(Data extracted from a collection)
******************************

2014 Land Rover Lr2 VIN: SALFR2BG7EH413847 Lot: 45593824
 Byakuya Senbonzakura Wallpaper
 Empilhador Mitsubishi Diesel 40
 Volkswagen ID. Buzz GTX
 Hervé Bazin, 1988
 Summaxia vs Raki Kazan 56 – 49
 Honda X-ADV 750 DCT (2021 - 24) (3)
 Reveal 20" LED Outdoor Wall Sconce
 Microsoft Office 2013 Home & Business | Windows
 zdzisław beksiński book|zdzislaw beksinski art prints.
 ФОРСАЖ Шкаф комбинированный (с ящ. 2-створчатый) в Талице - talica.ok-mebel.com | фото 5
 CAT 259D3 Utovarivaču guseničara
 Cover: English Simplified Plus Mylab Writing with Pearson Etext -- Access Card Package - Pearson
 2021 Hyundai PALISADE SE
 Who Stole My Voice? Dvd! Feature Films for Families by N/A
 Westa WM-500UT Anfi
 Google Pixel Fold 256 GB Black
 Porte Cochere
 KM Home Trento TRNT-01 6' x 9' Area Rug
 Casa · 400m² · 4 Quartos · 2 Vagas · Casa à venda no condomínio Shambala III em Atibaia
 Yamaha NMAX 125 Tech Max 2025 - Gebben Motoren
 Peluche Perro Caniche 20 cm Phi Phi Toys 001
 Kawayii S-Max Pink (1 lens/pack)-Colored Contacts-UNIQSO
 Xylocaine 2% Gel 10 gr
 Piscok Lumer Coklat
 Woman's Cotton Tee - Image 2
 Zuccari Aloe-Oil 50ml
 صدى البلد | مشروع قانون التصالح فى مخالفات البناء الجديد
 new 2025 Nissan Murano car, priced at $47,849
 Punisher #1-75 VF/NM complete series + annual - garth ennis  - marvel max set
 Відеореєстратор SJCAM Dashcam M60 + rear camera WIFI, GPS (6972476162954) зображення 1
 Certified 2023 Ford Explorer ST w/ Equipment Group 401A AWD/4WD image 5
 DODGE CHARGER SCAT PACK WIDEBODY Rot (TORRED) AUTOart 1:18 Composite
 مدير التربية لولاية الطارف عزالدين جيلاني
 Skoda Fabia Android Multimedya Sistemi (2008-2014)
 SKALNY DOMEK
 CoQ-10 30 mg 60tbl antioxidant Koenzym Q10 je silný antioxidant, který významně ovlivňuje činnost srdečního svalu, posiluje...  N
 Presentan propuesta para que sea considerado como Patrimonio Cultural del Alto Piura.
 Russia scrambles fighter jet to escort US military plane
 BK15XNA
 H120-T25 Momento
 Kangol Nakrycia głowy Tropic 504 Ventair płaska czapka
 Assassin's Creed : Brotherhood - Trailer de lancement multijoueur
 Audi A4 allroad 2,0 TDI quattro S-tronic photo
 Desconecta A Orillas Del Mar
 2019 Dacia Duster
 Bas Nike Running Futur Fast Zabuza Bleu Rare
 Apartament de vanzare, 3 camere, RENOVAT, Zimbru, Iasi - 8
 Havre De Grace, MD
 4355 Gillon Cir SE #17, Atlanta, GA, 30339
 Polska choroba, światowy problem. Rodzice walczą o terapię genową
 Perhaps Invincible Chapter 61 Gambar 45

******************************

The required output is every line above that contains the string "Home".

 Microsoft Office 2013 Home & Business | Windows
 KM Home Trento TRNT-01 6' x 9' Area Rug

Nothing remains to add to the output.